Game Development Community

Large Parameters & TCPObjects = Crash?

by Robert Fritzen · in Torque 3D Professional · 11/27/2012 (9:00 pm) · 15 replies

I'm not sure how many people have actually dug into my XXZ Resource, but I'm sure if you've been using it that this problem has come up at some point.

When I'm transmitting the data to the server and then getting it back, my game client would crash. I dug through endless lines of my authentication code trying to find the problem, but none existed. So then I looked at the TCPObject, and well, according to an old thread I started back, that's not the problem either.
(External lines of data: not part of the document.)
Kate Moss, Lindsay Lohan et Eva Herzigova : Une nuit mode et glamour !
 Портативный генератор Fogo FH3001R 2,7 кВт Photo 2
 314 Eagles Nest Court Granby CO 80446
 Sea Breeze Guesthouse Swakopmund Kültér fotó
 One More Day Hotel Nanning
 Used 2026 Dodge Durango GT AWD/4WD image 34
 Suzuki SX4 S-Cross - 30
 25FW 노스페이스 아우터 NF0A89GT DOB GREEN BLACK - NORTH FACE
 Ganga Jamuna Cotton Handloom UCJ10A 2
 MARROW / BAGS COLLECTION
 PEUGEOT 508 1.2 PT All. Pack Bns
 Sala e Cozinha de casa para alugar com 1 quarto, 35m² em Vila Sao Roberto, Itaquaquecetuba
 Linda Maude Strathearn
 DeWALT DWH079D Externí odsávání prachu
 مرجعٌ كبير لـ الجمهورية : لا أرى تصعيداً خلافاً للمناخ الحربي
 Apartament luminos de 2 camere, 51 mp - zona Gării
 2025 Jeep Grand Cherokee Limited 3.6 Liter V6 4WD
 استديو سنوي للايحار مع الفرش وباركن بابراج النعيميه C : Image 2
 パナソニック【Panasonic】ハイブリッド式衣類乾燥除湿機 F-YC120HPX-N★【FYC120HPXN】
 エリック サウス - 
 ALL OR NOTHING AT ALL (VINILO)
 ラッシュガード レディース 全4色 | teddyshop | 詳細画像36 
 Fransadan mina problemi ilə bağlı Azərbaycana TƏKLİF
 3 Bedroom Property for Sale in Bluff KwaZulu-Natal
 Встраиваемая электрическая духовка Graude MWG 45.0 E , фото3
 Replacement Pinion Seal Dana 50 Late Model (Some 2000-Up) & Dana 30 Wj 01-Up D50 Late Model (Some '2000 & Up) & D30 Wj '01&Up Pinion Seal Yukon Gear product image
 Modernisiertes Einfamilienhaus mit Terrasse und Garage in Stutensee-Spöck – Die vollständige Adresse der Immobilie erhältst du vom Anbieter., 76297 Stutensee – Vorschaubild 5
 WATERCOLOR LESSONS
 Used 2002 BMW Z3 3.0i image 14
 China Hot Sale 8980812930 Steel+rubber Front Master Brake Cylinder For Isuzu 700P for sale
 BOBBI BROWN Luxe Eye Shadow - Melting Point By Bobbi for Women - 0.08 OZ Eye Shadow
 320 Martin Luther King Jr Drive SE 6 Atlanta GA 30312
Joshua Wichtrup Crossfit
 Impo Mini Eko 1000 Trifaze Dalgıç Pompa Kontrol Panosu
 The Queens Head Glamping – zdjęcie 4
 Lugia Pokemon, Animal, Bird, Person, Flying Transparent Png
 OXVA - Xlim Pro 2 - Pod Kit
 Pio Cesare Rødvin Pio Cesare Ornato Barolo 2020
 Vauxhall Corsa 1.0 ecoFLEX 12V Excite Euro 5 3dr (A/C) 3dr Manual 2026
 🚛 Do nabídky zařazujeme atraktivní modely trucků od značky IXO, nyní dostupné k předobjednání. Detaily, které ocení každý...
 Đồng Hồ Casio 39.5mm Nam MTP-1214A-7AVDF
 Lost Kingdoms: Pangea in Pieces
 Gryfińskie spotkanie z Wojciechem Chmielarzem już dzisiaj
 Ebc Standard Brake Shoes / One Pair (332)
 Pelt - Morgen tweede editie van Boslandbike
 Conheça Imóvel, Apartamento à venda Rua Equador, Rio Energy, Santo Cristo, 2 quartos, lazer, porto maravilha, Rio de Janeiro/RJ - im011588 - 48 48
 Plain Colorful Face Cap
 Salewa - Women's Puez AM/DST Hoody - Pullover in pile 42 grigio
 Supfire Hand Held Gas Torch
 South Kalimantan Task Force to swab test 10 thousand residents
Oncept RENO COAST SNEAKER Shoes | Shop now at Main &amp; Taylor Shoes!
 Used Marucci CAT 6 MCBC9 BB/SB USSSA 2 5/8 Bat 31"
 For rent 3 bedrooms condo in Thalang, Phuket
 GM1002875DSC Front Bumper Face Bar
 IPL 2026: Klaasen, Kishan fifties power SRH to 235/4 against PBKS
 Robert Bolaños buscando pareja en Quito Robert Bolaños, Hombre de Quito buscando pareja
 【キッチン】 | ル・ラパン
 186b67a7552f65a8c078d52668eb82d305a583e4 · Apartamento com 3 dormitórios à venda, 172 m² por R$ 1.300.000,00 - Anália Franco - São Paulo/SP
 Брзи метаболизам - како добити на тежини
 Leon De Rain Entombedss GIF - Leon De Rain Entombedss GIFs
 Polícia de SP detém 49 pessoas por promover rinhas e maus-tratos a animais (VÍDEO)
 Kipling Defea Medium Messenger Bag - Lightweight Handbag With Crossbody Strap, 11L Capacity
Earlier tonight, I had one of those moments where you could say the light over my head blinked on. Apparently, you cannot send large string variables to function calls. Especially not TCPObjects.


To test this theory, I re-coded all of my TCPObject functioning, but the crashing still occurred, until I used the following approach:
function TCPLR::onLine(%this, %line) {
   echo(%line);
   if(trim(%line) !$= "") {
      %this.canRead = true;
   }
   if(%this.canRead) {
      if(strstr(%line, "$PGD") != -1) {
         $TCPBuffer["TCPLR"] = $TCPBuffer["TCPLR"] @ "n" @ strReplace(%line, "$PGD", "");
      }
   }
}

Then instead of sending parameters to the function, I just accessed my newly created GVar, and what do you know, no more crashing.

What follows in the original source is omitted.